BEGIN THE DATA

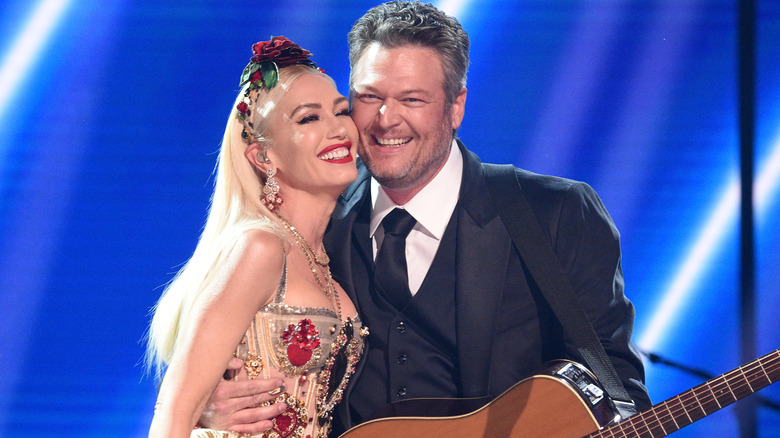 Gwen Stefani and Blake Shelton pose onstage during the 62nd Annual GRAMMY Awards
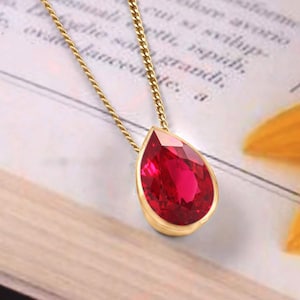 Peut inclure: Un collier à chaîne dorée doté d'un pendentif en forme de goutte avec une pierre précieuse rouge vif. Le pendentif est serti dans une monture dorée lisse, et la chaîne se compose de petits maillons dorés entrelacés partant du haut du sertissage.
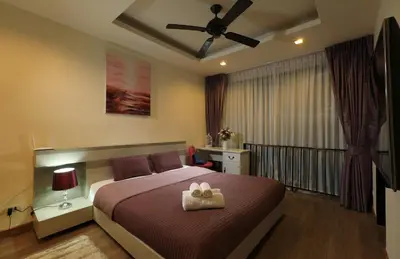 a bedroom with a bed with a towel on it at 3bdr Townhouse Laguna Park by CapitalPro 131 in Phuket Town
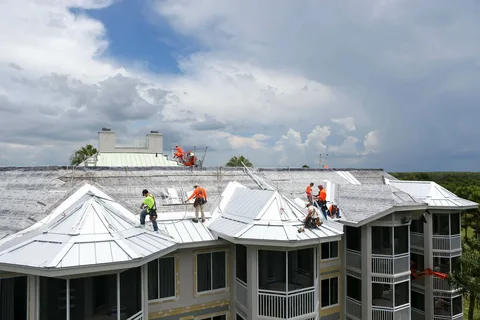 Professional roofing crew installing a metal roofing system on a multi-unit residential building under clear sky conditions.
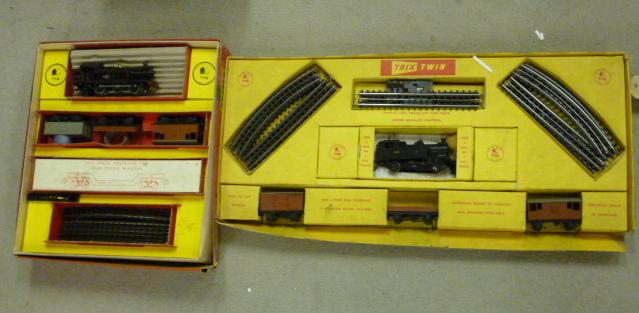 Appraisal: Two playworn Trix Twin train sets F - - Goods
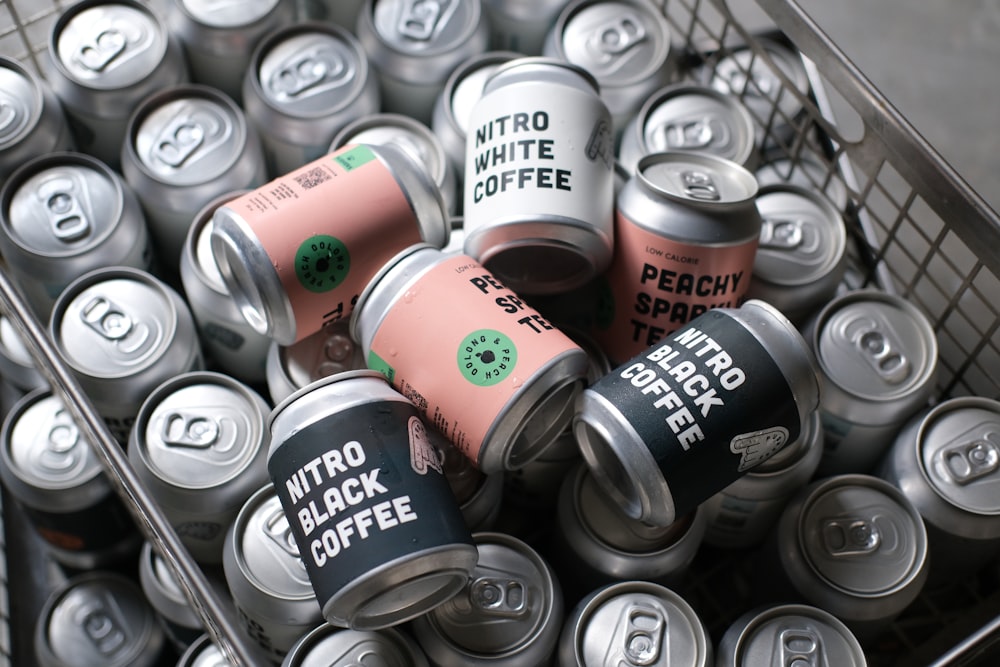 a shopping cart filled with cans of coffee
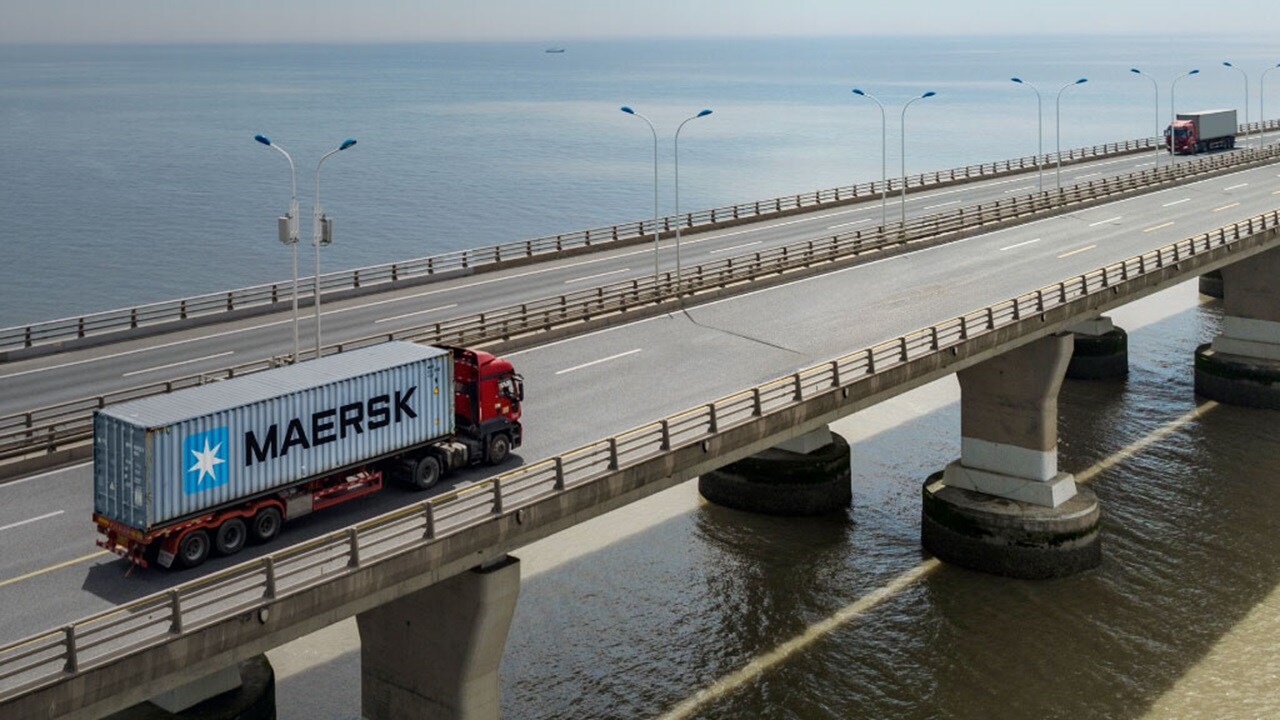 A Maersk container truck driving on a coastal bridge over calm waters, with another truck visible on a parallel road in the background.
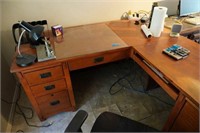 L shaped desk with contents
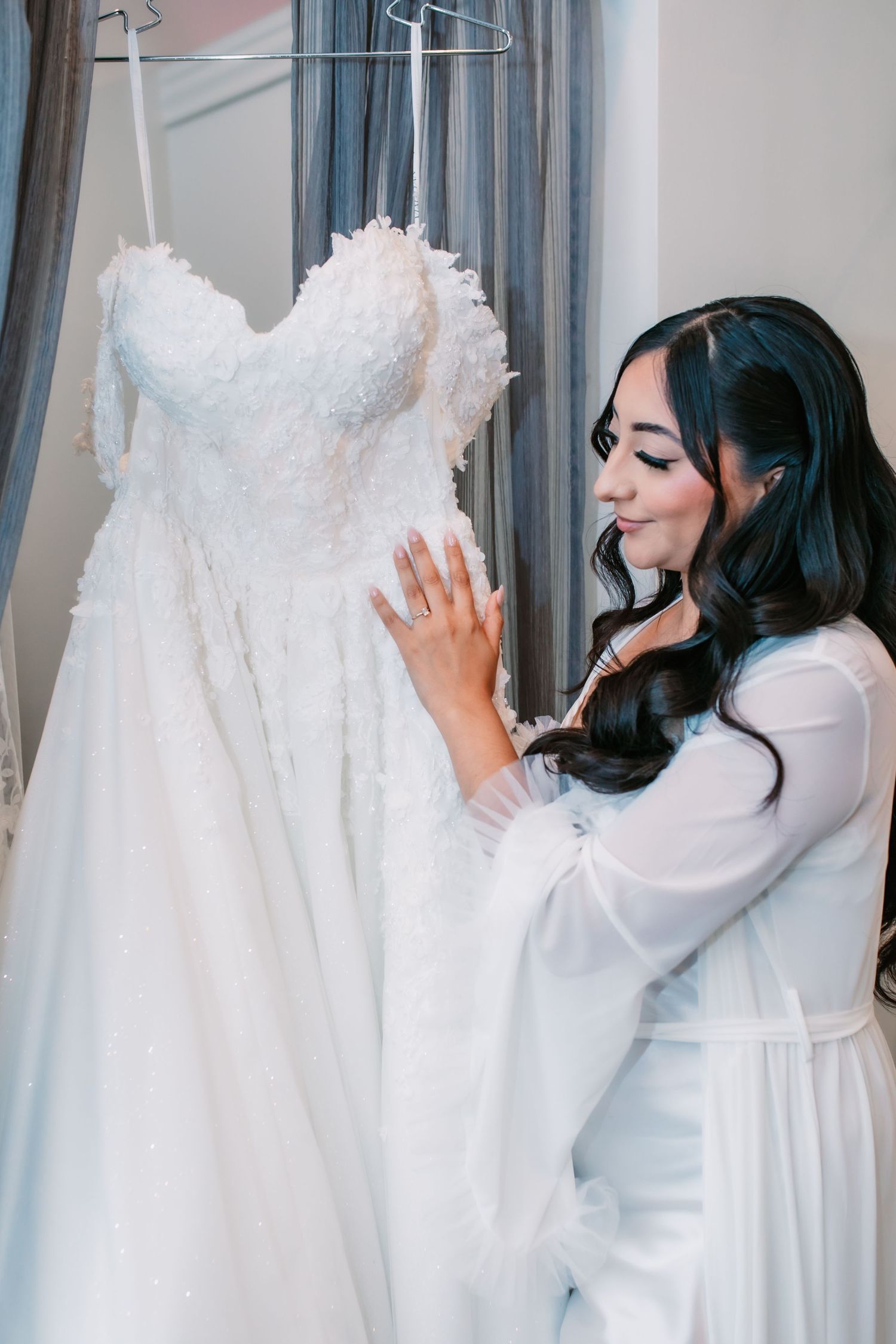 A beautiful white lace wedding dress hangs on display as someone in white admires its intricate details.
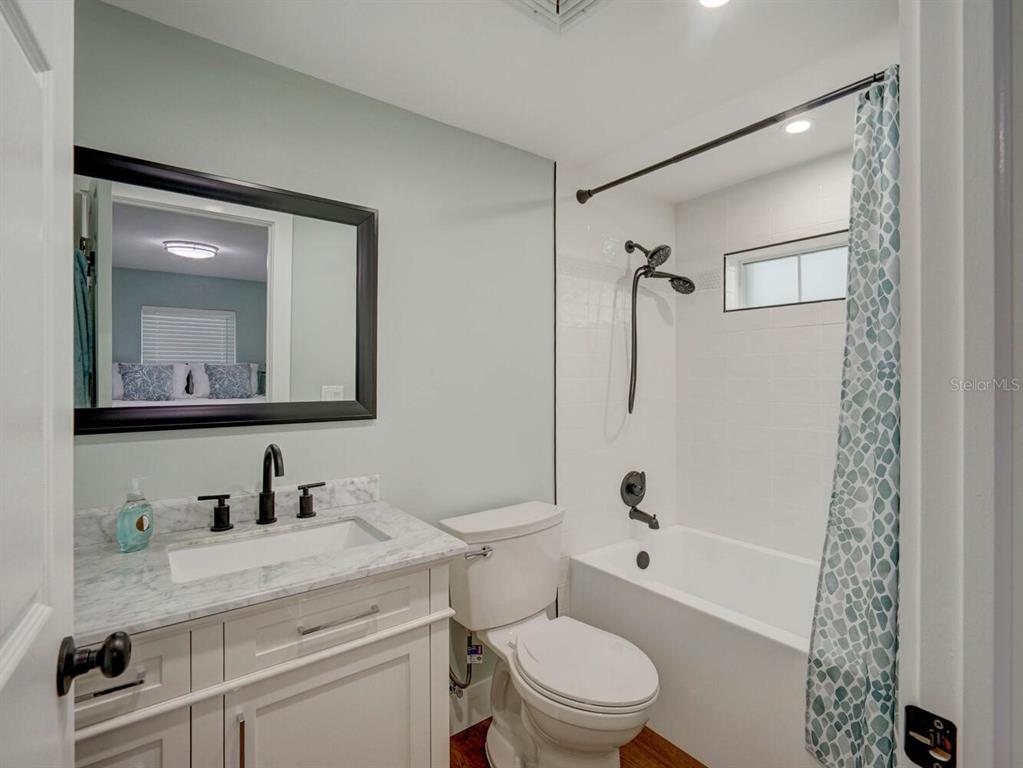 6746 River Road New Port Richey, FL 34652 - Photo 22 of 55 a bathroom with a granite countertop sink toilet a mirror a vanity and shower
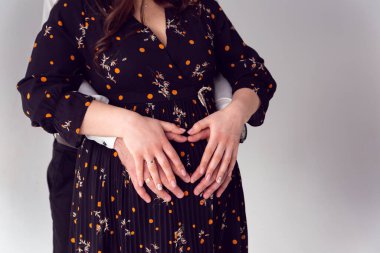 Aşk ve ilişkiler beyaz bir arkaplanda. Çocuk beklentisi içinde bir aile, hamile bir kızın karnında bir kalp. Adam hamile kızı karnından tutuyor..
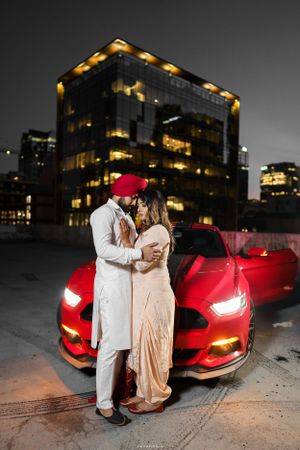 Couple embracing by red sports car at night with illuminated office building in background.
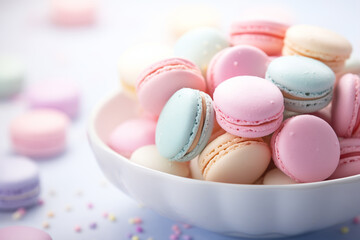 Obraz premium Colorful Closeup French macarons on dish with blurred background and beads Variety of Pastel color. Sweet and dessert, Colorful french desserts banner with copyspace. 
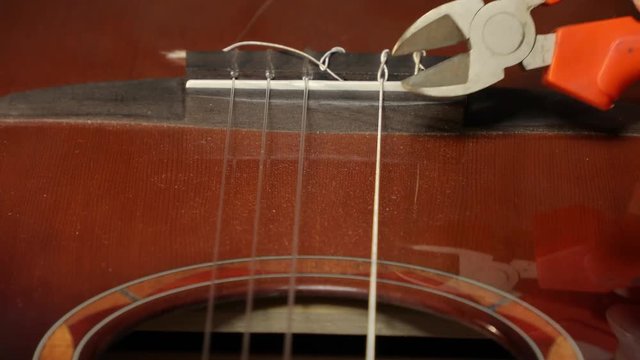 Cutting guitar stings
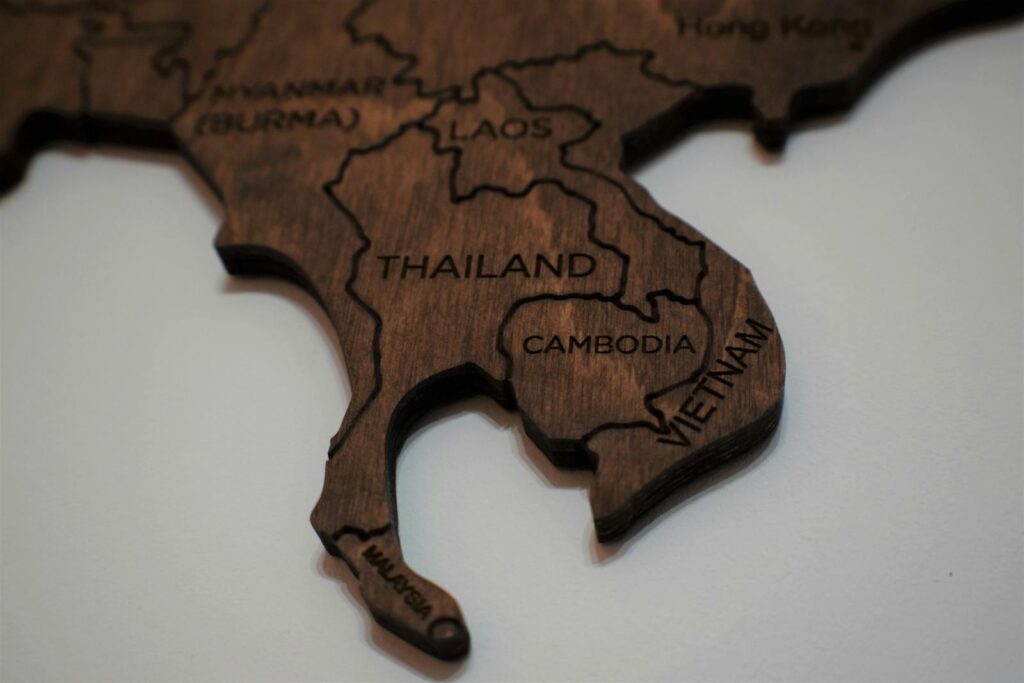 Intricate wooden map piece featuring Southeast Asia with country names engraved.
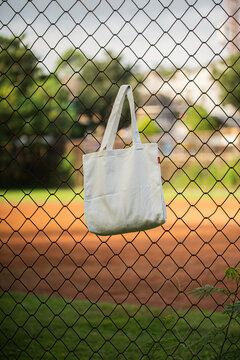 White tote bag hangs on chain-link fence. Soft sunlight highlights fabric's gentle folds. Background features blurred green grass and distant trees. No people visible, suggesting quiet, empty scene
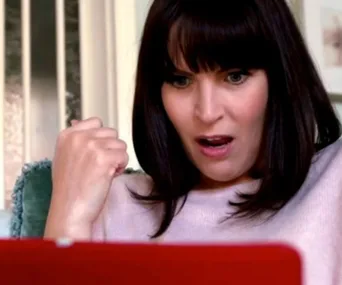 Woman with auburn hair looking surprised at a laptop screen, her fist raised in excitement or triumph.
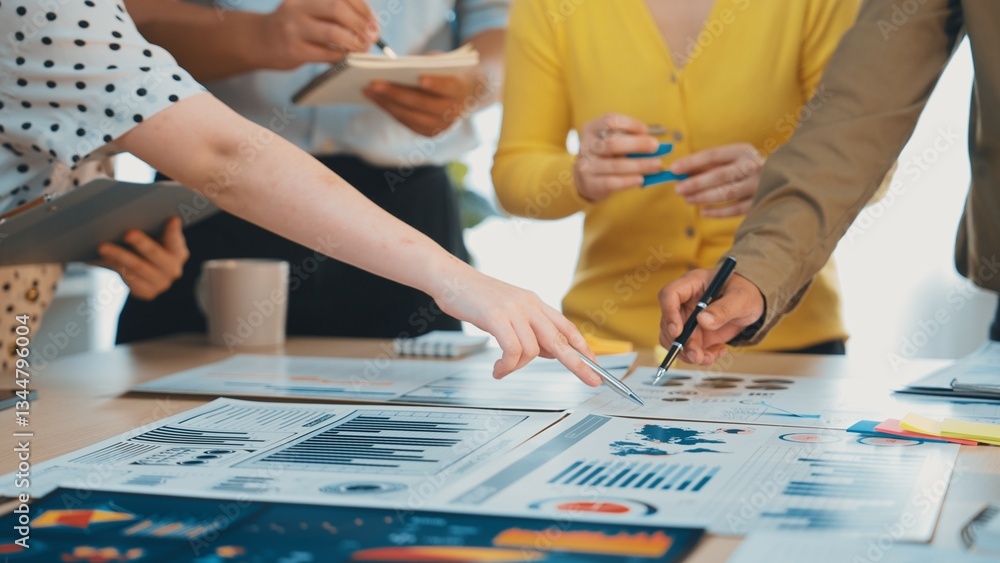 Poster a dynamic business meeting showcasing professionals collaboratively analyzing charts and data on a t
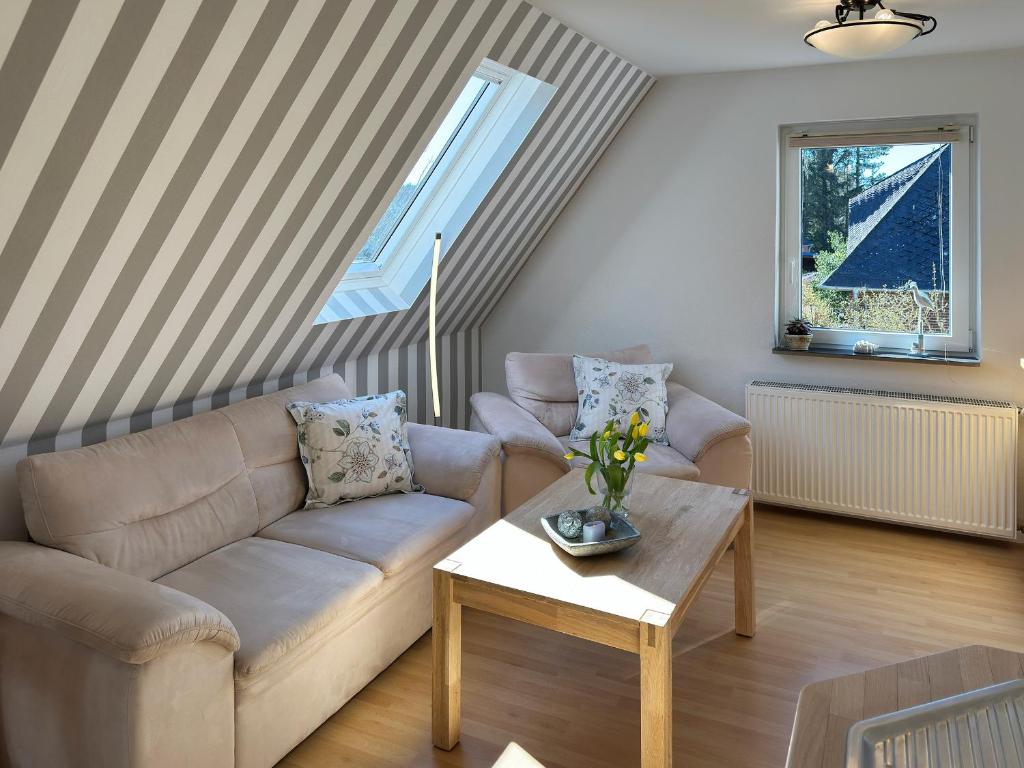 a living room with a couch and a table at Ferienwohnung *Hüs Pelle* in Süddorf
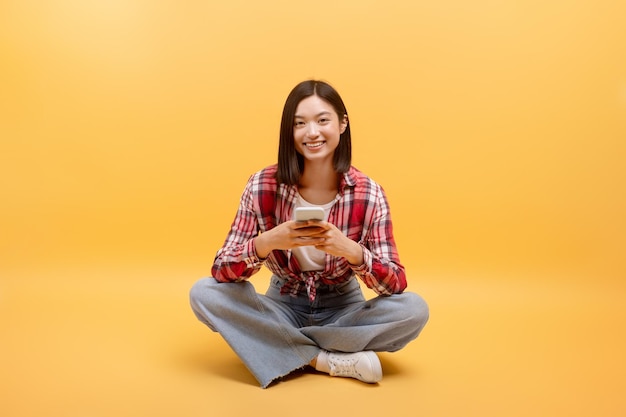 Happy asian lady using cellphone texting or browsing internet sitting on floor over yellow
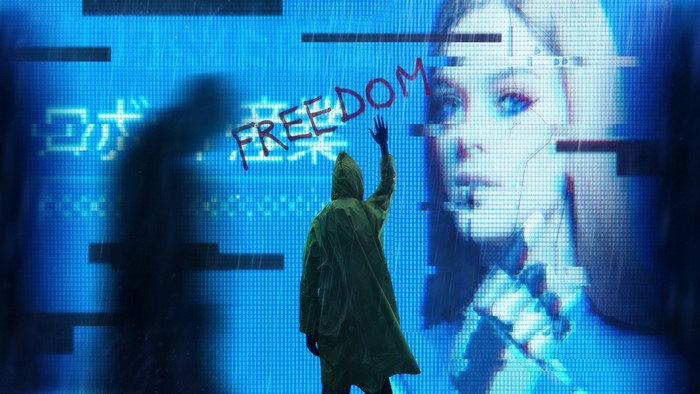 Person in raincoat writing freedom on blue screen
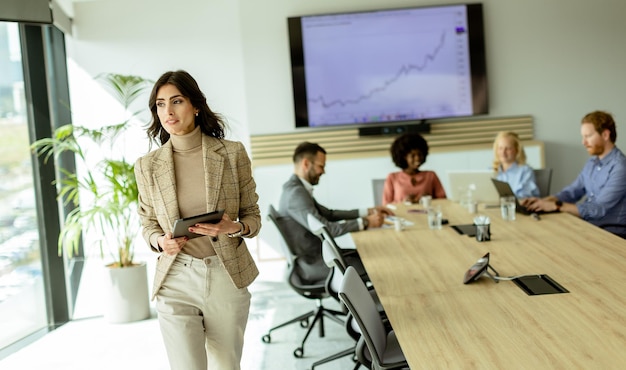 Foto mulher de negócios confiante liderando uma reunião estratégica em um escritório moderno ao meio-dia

END THE DATA

### WORK INSTRUCTION
Could you set down, exactly as written, every line from the start of the records above through the line containing "a bedroom with", leaving the pictures out?

### SOLUTION TO THIS EXERCISE
 Gwen Stefani and Blake Shelton pose onstage during the 62nd Annual GRAMMY Awards
 Peut inclure: Un collier à chaîne dorée doté d'un pendentif en forme de goutte avec une pierre précieuse rouge vif. Le pendentif est serti dans une monture dorée lisse, et la chaîne se compose de petits maillons dorés entrelacés partant du haut du sertissage.
 a bedroom with a bed with a towel on it at 3bdr Townhouse Laguna Park by CapitalPro 131 in Phuket Town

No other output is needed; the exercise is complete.